When William Cowper's first volume of poems was published by Joseph Johnson of St. Paul's Churchyard in 1782 it was entitled Poems by William Cowper of the Inner Temple. However, this description has caused confusion amongst biographers of the poet who in some cases have assumed that William Cowper was called to the Bar at the Inner Temple. Others have noted correctly that he was called to the Bar at the Middle Temple, but give varying dates for his admission and Call. This article seeks to clarify the situation.

William Cowper was born on 15 November 1731 in Great Berkhamsted (also spelt Berkhamstead or Berkhampstead), Hertfordshire, the eldest son of the Reverend John Cowper and his wife, Anne, daughter of Roger Donne of Ludham Hall, Norfolk. William came from a family of Middle Temple lawyers, the most distinguished of whom were his grandfather, Spencer Cowper, Attorney General to the Prince of Wales and Judge of the Court of Common Pleas, and his great uncle, William, 1st Earl Cowper, appointed Lord Chancellor of Great Britain in 1707. Several of his close relatives, including his uncle, Ashley Cowper and cousin, William Cowper of Hertingfordbury, also trained as barristers at the Middle Temple. It is therefore not surprising that William, after studying at Westminster School, as many of his forbears had done, should join the Middle Temple on 29 April 1748. 
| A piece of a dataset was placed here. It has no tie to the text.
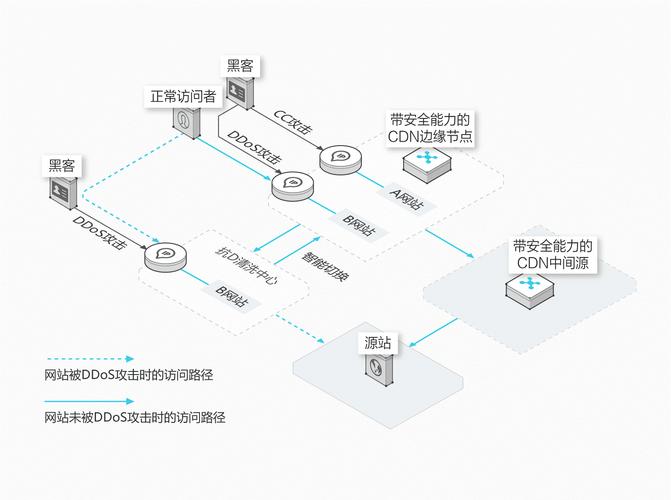 php 防cc攻击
He made a number of friends during this time, including William Hayley, writer, poet and fellow Middle Templar,1 and Edward Thurlow of the Inner Temple, who was to become Lord Chancellor in 1778.2 He also kept up with his Westminster College school-fellows, including Joseph Hill, with whom he co-founded a weekly literary dining group named the Nonsense Club. In addition to writing poems, he seems to have found some time for his legal studies since he was called to Bar at the Middle Temple on 14 June 1754. In the minutes of the Middle Temple Parliament relating to his Call he was described incorrectly as C. Cowper, but the contemporary students ledger proves this to be a clerical error.